How Apocalypse Now Became The Surreal Fever Dream We All Know Today
"Apocalypse Now" is known not just because of its status as a classic war movie but for its controversial production history. Between typhoons destroying sets, actors suffering heart attacks, and a ballooning budget (all on Coppola's dime), Francis Ford Coppola described the making of the film as a "nightmare of not knowing what I was doing, [of] being against outrageous odds" (via GQ). Shooting on location in the wild Philippines jungle and using real helicopters and explosions, Coppola was able to create an authentic Vietnam War experience. But there's another layer to "Apocalypse Now" that makes it a masterpiece.
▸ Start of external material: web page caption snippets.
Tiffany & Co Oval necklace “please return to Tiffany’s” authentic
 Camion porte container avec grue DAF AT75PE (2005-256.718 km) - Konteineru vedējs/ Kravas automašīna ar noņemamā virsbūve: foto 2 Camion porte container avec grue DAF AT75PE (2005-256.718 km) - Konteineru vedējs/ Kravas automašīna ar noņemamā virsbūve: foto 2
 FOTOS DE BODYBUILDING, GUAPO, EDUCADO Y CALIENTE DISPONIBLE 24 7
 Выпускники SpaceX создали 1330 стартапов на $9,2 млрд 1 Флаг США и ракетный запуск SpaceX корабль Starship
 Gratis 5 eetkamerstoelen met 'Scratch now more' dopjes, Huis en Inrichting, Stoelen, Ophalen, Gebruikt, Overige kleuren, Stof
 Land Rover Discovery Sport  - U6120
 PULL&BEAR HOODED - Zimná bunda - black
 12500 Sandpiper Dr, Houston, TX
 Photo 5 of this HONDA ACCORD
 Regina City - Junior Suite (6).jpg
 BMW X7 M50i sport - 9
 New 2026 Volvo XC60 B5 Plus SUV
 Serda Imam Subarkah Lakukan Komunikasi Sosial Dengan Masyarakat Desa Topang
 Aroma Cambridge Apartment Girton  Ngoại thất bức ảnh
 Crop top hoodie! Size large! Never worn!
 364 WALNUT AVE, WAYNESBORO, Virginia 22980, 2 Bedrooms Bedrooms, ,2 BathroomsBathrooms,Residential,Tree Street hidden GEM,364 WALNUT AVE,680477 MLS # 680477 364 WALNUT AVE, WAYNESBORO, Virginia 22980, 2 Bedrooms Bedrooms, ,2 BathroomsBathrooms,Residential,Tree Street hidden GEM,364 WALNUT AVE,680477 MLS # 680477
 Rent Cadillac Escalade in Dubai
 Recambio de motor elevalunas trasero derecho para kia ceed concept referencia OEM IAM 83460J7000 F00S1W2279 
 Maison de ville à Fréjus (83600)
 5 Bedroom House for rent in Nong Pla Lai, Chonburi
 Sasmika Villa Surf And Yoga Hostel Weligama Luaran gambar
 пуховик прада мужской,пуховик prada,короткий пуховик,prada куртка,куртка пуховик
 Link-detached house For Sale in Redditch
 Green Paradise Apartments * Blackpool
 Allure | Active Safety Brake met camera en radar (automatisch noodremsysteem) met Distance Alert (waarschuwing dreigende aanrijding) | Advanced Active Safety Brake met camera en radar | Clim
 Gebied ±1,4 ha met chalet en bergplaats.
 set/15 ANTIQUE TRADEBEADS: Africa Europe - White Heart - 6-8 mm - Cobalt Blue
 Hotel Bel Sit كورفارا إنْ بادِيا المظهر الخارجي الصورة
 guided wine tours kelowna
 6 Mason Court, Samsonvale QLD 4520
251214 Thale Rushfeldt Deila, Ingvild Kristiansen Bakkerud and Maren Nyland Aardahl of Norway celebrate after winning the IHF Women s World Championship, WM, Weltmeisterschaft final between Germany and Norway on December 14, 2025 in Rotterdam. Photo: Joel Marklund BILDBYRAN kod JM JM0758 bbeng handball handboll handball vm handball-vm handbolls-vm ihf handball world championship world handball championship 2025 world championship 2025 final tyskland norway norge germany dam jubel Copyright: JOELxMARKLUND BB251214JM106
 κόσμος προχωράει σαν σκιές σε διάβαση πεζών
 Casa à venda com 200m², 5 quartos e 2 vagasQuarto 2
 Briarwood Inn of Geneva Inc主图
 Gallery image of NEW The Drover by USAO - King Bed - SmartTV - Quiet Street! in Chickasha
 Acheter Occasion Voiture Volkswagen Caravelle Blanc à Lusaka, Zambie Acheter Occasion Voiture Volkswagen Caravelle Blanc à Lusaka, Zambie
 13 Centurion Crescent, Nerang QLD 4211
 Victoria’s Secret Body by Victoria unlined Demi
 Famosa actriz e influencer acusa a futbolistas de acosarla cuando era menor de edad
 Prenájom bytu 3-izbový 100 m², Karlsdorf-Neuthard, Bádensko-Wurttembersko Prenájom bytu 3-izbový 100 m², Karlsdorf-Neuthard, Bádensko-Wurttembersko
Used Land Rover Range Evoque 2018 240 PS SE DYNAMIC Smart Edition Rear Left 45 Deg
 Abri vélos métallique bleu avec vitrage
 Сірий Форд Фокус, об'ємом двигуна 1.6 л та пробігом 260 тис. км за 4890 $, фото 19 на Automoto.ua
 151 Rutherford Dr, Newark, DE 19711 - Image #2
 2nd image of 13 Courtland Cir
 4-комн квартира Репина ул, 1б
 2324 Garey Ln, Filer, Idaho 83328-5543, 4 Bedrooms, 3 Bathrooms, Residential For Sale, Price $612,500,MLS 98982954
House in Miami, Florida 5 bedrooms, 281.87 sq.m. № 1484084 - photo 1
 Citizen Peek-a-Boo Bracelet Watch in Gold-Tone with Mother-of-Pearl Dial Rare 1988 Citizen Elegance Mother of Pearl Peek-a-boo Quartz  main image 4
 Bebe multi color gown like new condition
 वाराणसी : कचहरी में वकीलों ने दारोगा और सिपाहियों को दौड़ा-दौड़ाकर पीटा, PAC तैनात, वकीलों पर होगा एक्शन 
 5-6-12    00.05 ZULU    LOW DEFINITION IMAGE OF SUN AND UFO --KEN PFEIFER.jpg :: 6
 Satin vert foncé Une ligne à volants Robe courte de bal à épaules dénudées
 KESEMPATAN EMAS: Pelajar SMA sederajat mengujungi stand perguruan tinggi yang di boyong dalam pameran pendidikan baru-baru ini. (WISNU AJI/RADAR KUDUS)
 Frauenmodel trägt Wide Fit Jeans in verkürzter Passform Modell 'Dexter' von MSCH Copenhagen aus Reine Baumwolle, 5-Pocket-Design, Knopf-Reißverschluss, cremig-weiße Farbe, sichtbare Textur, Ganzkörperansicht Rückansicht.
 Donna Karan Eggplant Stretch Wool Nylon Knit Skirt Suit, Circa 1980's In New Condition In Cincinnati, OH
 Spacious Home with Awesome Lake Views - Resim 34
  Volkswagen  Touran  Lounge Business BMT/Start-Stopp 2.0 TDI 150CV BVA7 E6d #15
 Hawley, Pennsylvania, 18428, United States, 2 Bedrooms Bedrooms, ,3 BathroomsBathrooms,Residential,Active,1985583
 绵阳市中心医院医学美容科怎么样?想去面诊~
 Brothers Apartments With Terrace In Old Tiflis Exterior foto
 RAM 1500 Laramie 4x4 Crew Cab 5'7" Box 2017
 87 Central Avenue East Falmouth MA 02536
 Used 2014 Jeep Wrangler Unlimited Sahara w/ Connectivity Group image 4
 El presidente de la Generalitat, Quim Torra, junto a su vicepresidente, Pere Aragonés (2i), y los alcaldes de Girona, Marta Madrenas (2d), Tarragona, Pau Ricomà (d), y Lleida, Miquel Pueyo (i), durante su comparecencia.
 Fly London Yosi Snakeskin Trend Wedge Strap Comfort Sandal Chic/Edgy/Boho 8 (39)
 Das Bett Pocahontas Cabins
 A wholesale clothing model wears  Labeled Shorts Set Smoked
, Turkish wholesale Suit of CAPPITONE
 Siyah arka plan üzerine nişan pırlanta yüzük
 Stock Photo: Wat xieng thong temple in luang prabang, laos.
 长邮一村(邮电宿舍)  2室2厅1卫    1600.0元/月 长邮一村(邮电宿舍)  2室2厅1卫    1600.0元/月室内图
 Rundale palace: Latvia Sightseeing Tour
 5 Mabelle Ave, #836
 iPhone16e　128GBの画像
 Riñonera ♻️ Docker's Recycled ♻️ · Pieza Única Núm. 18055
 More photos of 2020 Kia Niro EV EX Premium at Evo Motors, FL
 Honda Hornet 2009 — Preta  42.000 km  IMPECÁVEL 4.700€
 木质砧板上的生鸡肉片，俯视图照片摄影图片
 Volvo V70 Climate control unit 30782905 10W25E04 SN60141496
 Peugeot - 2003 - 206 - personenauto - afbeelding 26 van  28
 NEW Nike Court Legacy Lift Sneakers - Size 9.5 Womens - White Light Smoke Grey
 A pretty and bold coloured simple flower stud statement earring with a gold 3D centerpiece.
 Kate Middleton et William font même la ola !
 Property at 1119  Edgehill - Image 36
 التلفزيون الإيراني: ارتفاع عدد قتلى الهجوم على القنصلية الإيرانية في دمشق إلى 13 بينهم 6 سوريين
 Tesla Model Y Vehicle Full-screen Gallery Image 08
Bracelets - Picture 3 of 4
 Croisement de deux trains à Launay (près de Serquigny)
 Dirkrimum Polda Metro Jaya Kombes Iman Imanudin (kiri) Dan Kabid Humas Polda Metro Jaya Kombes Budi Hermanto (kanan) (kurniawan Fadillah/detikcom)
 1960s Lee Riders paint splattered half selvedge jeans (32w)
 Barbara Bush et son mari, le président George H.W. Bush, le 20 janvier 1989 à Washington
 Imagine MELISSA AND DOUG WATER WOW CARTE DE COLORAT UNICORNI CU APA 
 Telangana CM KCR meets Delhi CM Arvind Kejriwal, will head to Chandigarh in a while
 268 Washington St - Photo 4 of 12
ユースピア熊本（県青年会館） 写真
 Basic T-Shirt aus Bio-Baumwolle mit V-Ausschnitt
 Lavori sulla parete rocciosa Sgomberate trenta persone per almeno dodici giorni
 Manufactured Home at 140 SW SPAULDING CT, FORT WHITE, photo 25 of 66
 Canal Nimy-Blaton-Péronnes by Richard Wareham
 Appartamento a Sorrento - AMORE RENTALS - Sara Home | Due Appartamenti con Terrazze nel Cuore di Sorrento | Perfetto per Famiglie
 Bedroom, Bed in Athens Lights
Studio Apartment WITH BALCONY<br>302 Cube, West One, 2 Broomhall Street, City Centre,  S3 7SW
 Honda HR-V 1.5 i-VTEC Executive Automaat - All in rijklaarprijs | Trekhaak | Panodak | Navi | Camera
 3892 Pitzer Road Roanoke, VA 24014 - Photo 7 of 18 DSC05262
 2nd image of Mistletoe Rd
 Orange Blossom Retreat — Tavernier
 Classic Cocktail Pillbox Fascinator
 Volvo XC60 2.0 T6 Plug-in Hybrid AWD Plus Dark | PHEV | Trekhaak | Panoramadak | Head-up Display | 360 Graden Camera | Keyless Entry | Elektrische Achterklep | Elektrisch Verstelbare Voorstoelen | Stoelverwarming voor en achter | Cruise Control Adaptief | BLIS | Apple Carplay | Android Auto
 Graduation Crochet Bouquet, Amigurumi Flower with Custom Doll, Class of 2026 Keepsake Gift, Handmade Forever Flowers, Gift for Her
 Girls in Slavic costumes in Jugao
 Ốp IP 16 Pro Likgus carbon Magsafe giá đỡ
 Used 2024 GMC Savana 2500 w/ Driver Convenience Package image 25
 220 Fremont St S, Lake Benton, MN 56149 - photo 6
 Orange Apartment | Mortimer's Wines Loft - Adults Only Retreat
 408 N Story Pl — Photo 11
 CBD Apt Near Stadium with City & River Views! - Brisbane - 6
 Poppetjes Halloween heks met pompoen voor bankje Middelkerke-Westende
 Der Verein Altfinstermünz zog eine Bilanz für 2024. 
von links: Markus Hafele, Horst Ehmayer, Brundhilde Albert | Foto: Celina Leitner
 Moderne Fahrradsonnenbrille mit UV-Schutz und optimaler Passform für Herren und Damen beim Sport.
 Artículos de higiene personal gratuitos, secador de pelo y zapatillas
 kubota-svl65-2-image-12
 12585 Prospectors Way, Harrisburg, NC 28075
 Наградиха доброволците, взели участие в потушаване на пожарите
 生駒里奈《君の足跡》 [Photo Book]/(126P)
As filming continued, Coppola, his cinematographer Vittorio Storaro, and art director Angelo P. Graham realized their artistic choices were becoming more and more surrealistic. The beginning of "Apocalypse Now" — with the exception of the hallucinatory opening scene — is fairly grounded, depicting Captain Willard (Martin Sheen) receiving straightforward orders to assassinate the unhinged Colonel Walter Kurtz (Marlon Brando). But as he journeys up the river towards Cambodia, the film becomes a psychedelic fever dream — reflecting the senseless atrocities of the war and its damaging effect on soldiers' psyche. There are several key components that brought Coppola's surrealistic vision to life.
Playing with colors and shadow
In Coppola's breakdown of his most iconic films, he describes the origins of his uncanny style:
"You know, movies are made by many, many things and people, but one of the things that make a movie is the movie. It contributes to making itself. How does that work? Well, if you're throwing smoke grenades and you and the photographer and art director say, 'Gee, that looks good, let's do more of that,' that's what I mean by the movie starts nudging into you and saying, 'Oh, don't go this way, go more this way.' So 'Apocalypse Now' was sort of telling us to make the film be more surrealistic."
The filmmakers were particularly struck by the use of the colored smoke grenades. Their bright splash of color against the muted background obscures the audience's vision and disorients them, making them feel as if they are in some strange fantasy. The arresting opening montage set to The Doors' song "The End" is also illusory. As Willard has a nervous breakdown in his dingy hotel room, Coppola superimposes images of terrifying napalm explosions and helicopter whirling blades over Willard's vacant face, suggesting that he is permanently haunted by his actions in Vietnam. In this scene, and others, Coppola plays with shadow and light to create phantasmagoric compositions.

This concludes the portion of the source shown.